* INFORMATION *
——————
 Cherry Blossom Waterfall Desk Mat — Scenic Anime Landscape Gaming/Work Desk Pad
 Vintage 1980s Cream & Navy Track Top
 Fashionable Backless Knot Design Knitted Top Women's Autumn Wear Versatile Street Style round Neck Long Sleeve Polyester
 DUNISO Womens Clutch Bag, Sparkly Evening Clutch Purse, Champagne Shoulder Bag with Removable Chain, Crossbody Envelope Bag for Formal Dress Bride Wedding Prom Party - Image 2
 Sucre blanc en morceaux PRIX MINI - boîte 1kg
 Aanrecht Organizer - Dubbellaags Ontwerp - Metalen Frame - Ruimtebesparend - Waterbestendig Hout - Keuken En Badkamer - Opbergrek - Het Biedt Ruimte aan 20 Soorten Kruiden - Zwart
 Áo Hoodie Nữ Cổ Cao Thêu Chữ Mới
——————
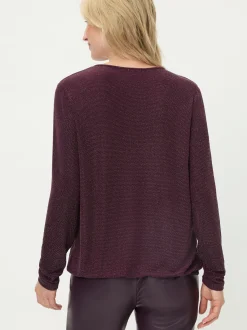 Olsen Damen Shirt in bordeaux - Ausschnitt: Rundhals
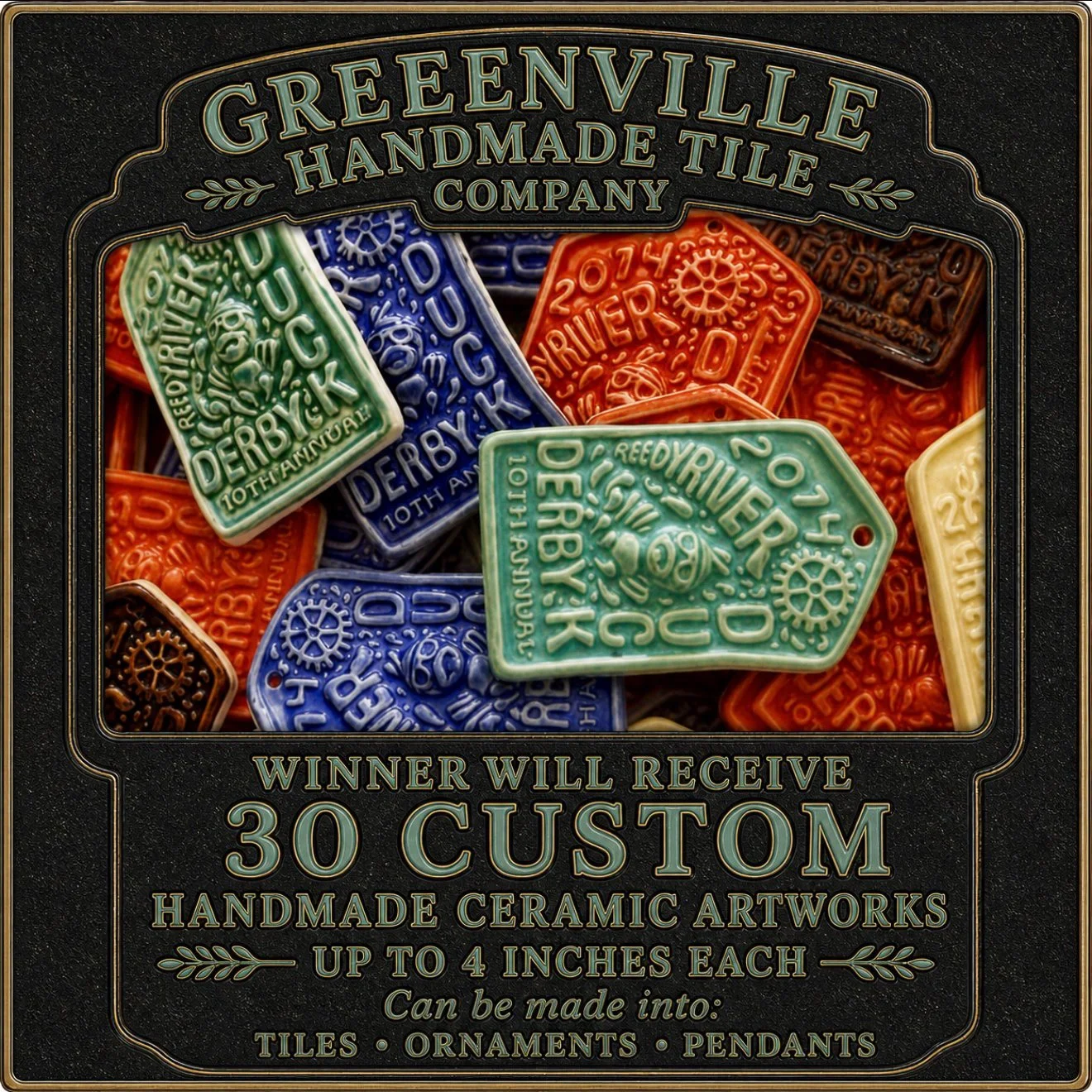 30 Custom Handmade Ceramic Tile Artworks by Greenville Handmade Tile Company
——————
* WHAT YOU NEED TO DO *
Take exactly the lines from the one containing "Aanrecht Organizer - Dubbellaags" through the one containing "Áo Hoodie Nữ Cổ Cao Thêu Chữ Mới" in the data above, and output them with nothing added.

* EXERCISE RESULT *
 Aanrecht Organizer - Dubbellaags Ontwerp - Metalen Frame - Ruimtebesparend - Waterbestendig Hout - Keuken En Badkamer - Opbergrek - Het Biedt Ruimte aan 20 Soorten Kruiden - Zwart
 Áo Hoodie Nữ Cổ Cao Thêu Chữ Mới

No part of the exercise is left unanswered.